Research & implementation of Chinese flute playing technique recognition based on machine learning

  • Feb. 2020 – May 2020. Beijing, CHN.
  • One of the graduation theses that awarded the outstanding paper honor of School of Mathematical Science, Peking University.
  • Research Assistant for prof. CHEN Xiaoou in Wangxuan Institute of Computer Technology at Peking University.

Music object recognition and recording is the essential component of music information retrieval.

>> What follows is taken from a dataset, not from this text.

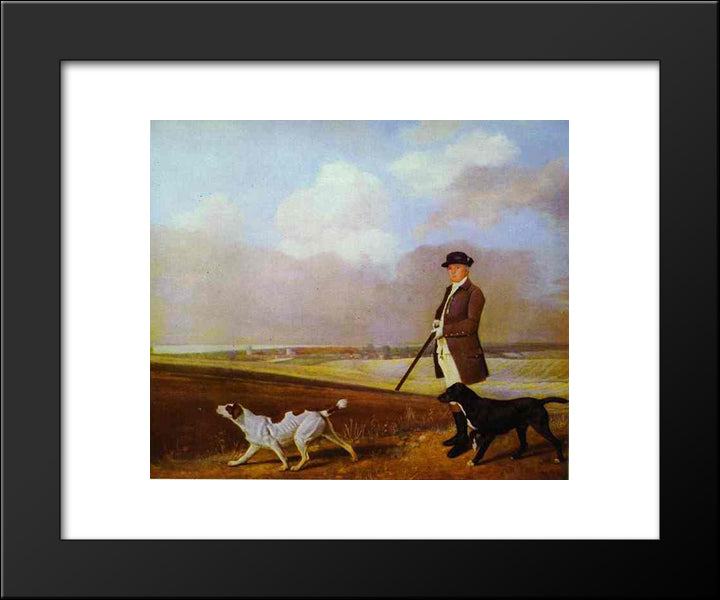 Sir John Nelthorpe, 6Th Baronet Out Shooting With His Dogs In Barton Field, Lincolnshire 20x24 Black Modern Wood Framed Art Print Poster by Stubbs, George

Different from other fields of melody extraction and music transcription, the research on musical instrument technique detection is still in the early stage. The existing work mainly focuses on technique detection of individual notes or frame, and there is a lack of effective data set.

This article constructed audio dataset(extraction code “jvbk” if needed) on ten kinds of techniques of transverse Chinese bamboo flute (Di), with 101 minutes of audio, using Mel frequency spectrum as audio feature, and put forward a model based on the fully convolutional neural network (FCNN). This model is an end-to-end sound event detector for variable length of the input and can be used in the detection of instruments technology.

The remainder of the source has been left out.